** Opening INFORMATION block **
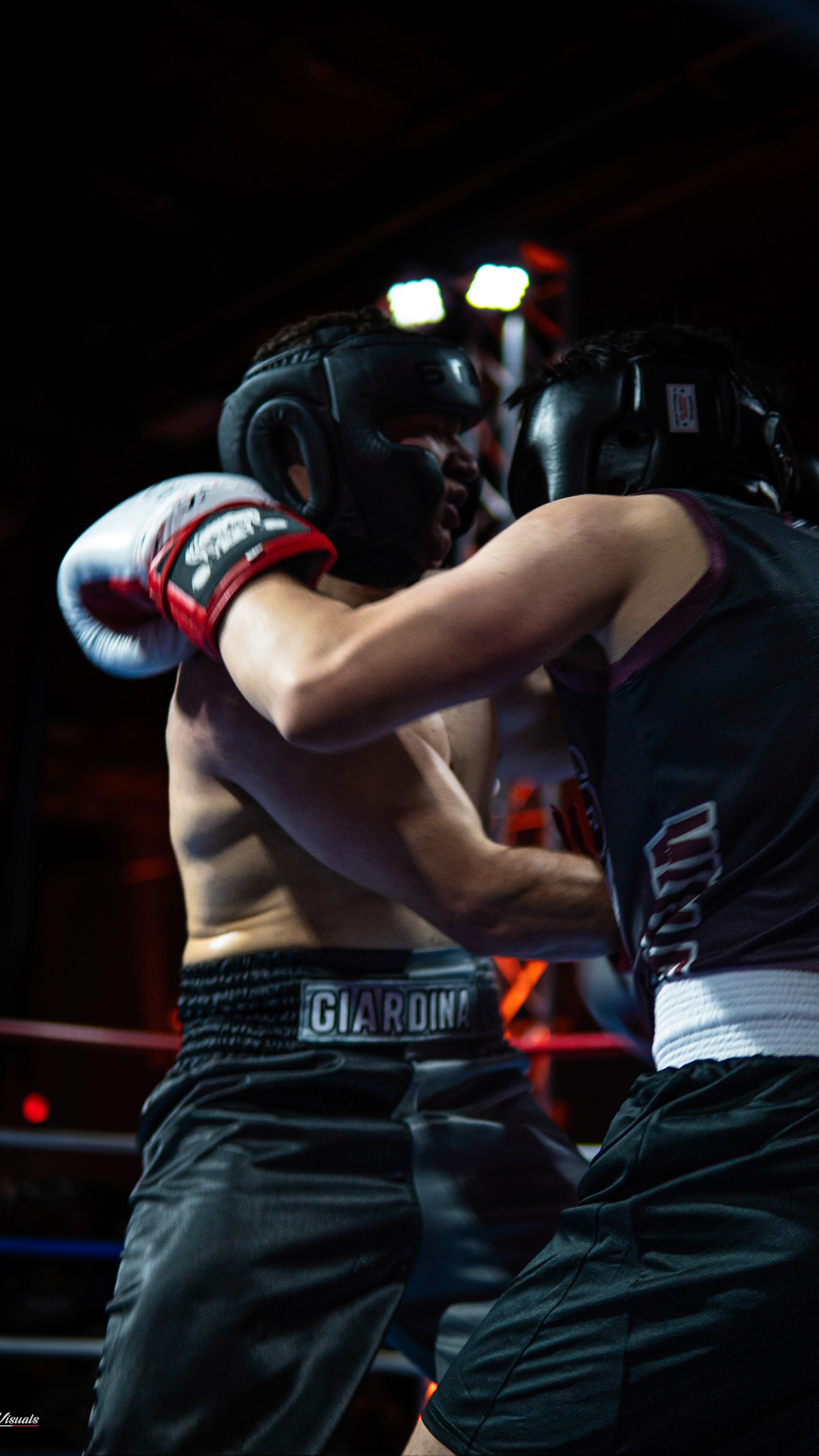 🛞🏠 🥊
@michaelgiardina_
@contendersny
#boxing #boxingmotivation #boxinghype #boxinginspiration #boxingmindset #boxingtraining #boxinglifestyle #boxinglife #boxingworld #usaboxing #boxingfans #boxingfanatik #boxingcoach #boxingislife #trainingmo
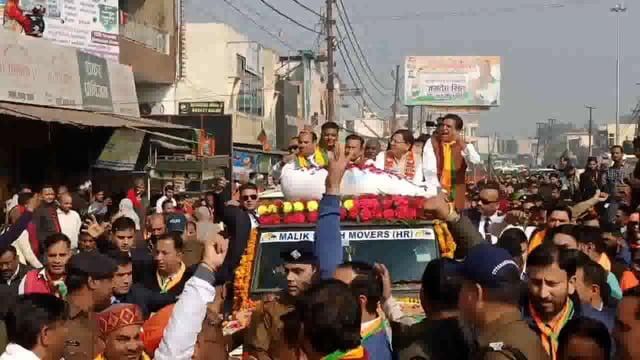 लक्सर मुख्यमंत्री पुष्कर सिंह धामी ने भाजपा प्रत्याशी देवेंद्र चौधरी के लिए निकाला भव्य रोड शो!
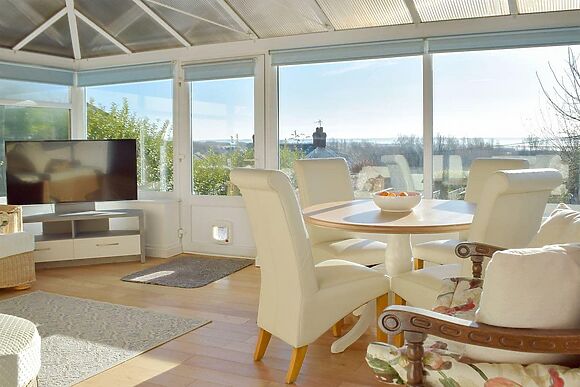 Sweet Pea Cottage in Pwll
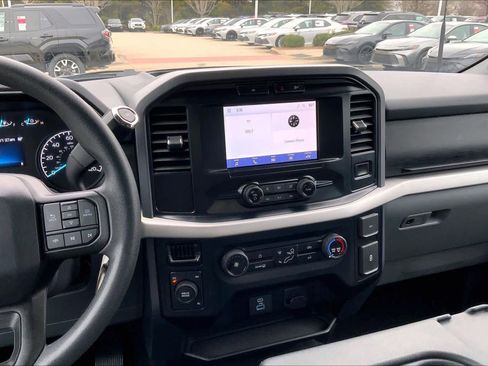 Used 2023 Ford F150 XLT image 7
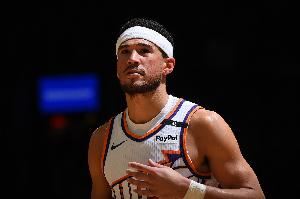 仅10投5中 布克:我需要多出手 打得更具侵略性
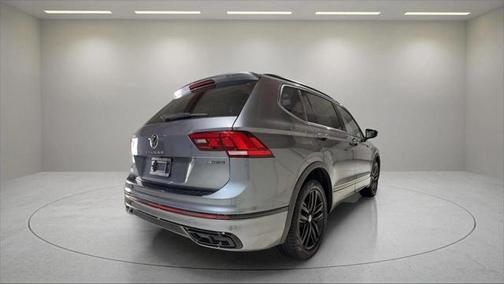2022 Volkswagen Tiguan 2.0T SE R-Line Black 4MOTION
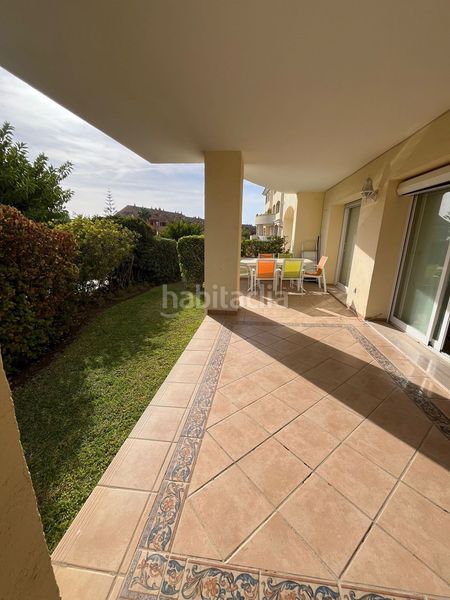 Foto f0b62462-b047-4530-ad07-d00f1099ab62. Pis a bahía de Marbella Marbella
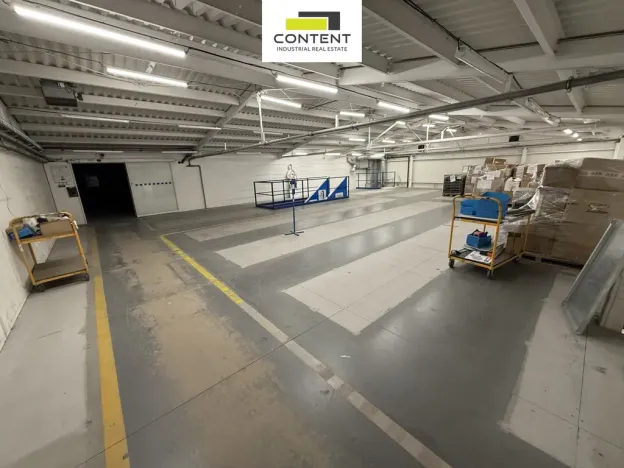 Pronájem skladu, Praha - Hostivař, Radiová, 3922 m2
** Closing INFORMATION block **
## TASK ITEM
Except for the pictures, set down all of the records exactly as they are.

## WRITTEN REPLY
 🛞🏠 🥊
@michaelgiardina_
@contendersny
#boxing #boxingmotivation #boxinghype #boxinginspiration #boxingmindset #boxingtraining #boxinglifestyle #boxinglife #boxingworld #usaboxing #boxingfans #boxingfanatik #boxingcoach #boxingislife #trainingmo
 लक्सर मुख्यमंत्री पुष्कर सिंह धामी ने भाजपा प्रत्याशी देवेंद्र चौधरी के लिए निकाला भव्य रोड शो!
 Sweet Pea Cottage in Pwll
 Used 2023 Ford F150 XLT image 7
 仅10投5中 布克:我需要多出手 打得更具侵略性
2022 Volkswagen Tiguan 2.0T SE R-Line Black 4MOTION
 Foto f0b62462-b047-4530-ad07-d00f1099ab62. Pis a bahía de Marbella Marbella
 Pronájem skladu, Praha - Hostivař, Radiová, 3922 m2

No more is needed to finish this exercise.